We Love Numbers
Finn Kelly and his wife Sarah spent six years in the wealth management and advisory space, managing hundreds of millions for high-net-worth individuals on business exits and tax structuring. They sold that firm in 2015 for between $1-5 million, but realized a massive gap in the market: entrepreneurs had no trusted source for understanding their own financial numbers.
Launching in March 2015 with "proof of concept," We Love Numbers combined smart bookkeeping with financial advisory services. The tech stack was intentionally lean—they built on Xero, the cloud-based accounting platform they saw as best-in-class. Finn positioned it as "software plus service," not a pure service business, because "everyone else is trying to compete in service-based businesses and they just don't work." The pricing ranged from $395 to $1,695 monthly, with an average customer paying just over $1,000.
Word-of-mouth became their primary growth engine. Within the first year, referrals increased "through the moon," and when they launched a new website asking the membership base for testimonials, they got a 50% response rate. By March 2016—one year in—they had grown to 50 paying customers generating $50,000 MRR.
Early on, churn spiked to 10% per month because they accepted customers who didn't fit their ideal profile. Finn implemented a rigorous internal application process to ensure fit, focusing only on three target markets: food & beverage, post-PMF tech companies, and innovative professional services. This specificity reduced churn and improved lifetime value projections to $40,000 per customer (at 2% target churn). Their target CAC was $1,000, making the unit economics highly attractive for a SaaS raise.
With $50K MRR and a team of 10 spread across Australia, Philippines, America, and South Africa, We Love Numbers was burning ~$20K monthly and preparing to raise $750K on a $6M pre-money valuation. Finn was seeking strategic angel investors—entrepreneurs from EO, YEC, YPO—rather than VC money, positioning the raise as a way to fund the first two years of marketing and team growth to dominate the emerging "entrepreneurial accounting" category.
- •The founders solved a problem they personally experienced in their own business, enabling them to build with genuine conviction and credibility that resonated strongly in word-of-mouth referrals.
- •They positioned the business as 'software plus service' rather than competing in crowded pure-service or pure-software markets, creating a defensible category that attracted customers willing to pay premium subscription prices.

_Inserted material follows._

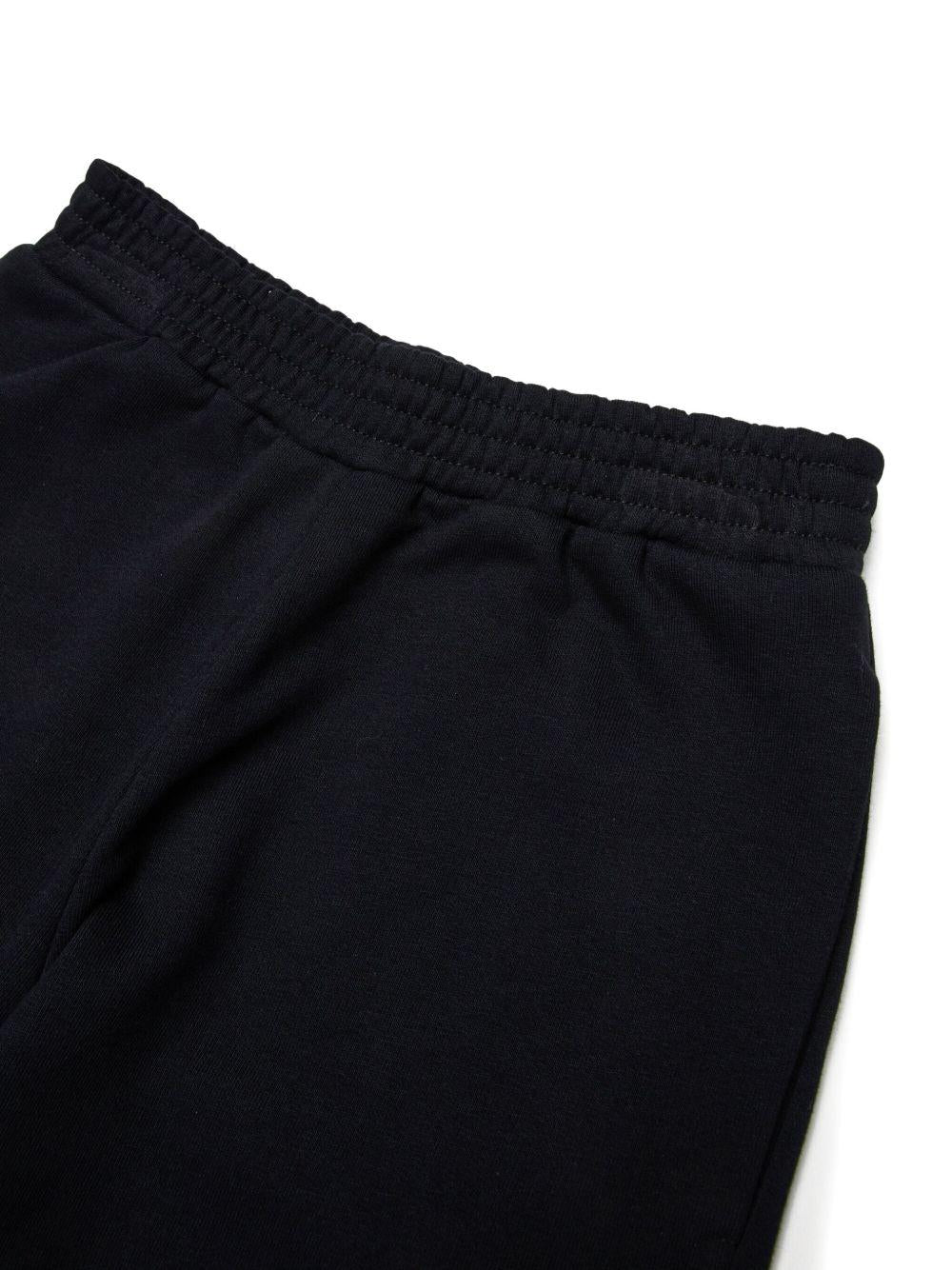 Pantaloni neri sportivi con motivo numeri e vita elasticizzata M60895MM02X M6900 MM6 MAISON MARGIELA KIDS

- •By implementing strict customer selection criteria after early churn problems, they optimized for ideal-customer fit rather than growth-at-all-costs, which improved unit economics and generated strong testimonials that fueled viral word-of-mouth.
- •They built on an existing best-in-class platform (Xero) rather than rebuilding core accounting infrastructure, allowing them to focus engineering effort on advisory value-add and reach profitability within one year.
- 1.Identify a genuine pain point from your own professional experience or current business, then validate that other entrepreneurs in similar situations face the same problem before committing to a solution.
- 2.Design your business model as a hybrid of software and service in an underserved category rather than competing directly in saturated markets, and price it at a premium subscription level ($395-$1,695 monthly) that reflects the advisory value you deliver.
- 3.After your first cohort of customers, analyze which segments have the lowest churn and highest lifetime value, then define a narrow ideal customer profile (e.g., three specific industries) and implement a formal application or qualification process to ensure new customers match that profile.
- 4.Build your initial product by integrating with or layering on top of an existing best-in-class platform (like Xero) rather than rebuilding commodity functionality, so you can reach $50K MRR with a small team in under 12 months.
- 5.Actively solicit testimonials and referrals from your early customers by making the ask explicit and easy (as they did with their website redesign), and track word-of-mouth as a conversion metric so you can double down on it as your primary growth channel.